Berdasarkan dakwaan jaksa penuntut umum, pembunuhan itu dilatarbelakangi oleh pernyataan Putri yang mengaku telah dilecehkan oleh Yosua di rumah Sambo di Magelang, Jawa Tengah, Kamis (7/7/2022).
Pengakuan yang belum diketahui kebenarannya itu lantas membuat Sambo marah hingga menyusun strategi untuk membunuh Yosua.
Disebutkan bahwa mulanya, Sambo menyuruh Ricky Rizal atau Bripka RR menembak Yosua. Namun, Ricky menolak sehingga Sambo beralih memerintahkan Richard Eliezer atau Bharada E.
Brigadir Yosua dieksekusi dengan cara ditembak 2-3 kali oleh Bharada E di rumah dinas Sambo di Kompleks Polri Duren Tiga, Jakarta Selatan, Jumat (8/7/2022).
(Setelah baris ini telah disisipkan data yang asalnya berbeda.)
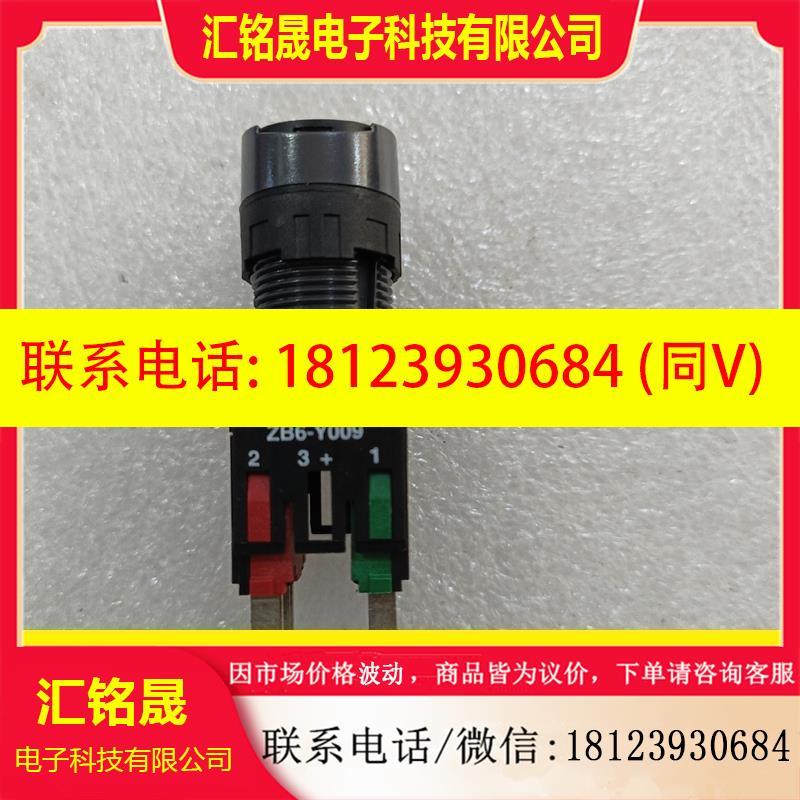 议价:原装进口带灯按钮开关ZB6-CW4B2B,ZB6-E1B,Z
Setelahnya, Sambo menembak kepala belakang Yosua hingga korban tewas.
Mantan Kadiv Propam Polri itu lantas menembakkan pistol milik Yosua ke dinding-dinding rumah untuk menciptakan narasi tembak menembak antara Brigadir J dan Bharada E yang berujung pada tewasnya Yosua.
Atas perbuatan tersebut, para terdakwa didakwa melanggar Pasal 340 KUHP subsider Pasal 338 KUHP jo Pasal 55 Ayat (1) ke-1 KUHP jo Pasal 56 ke-1 KUHP.